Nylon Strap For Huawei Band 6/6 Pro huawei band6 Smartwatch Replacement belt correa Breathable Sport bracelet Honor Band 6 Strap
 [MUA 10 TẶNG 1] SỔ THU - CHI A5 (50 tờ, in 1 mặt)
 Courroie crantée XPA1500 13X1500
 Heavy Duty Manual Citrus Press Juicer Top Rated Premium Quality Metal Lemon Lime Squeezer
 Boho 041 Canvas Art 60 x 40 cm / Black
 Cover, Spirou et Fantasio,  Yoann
+--
**TASK REQUIREMENTS:**
The records above should be restated exactly, line for line.

**WRITTEN RESPONSE:**
Nylon Strap For Huawei Band 6/6 Pro huawei band6 Smartwatch Replacement belt correa Breathable Sport bracelet Honor Band 6 Strap
 [MUA 10 TẶNG 1] SỔ THU - CHI A5 (50 tờ, in 1 mặt)
 Courroie crantée XPA1500 13X1500
 Heavy Duty Manual Citrus Press Juicer Top Rated Premium Quality Metal Lemon Lime Squeezer
 Boho 041 Canvas Art 60 x 40 cm / Black
 Cover, Spirou et Fantasio,  Yoann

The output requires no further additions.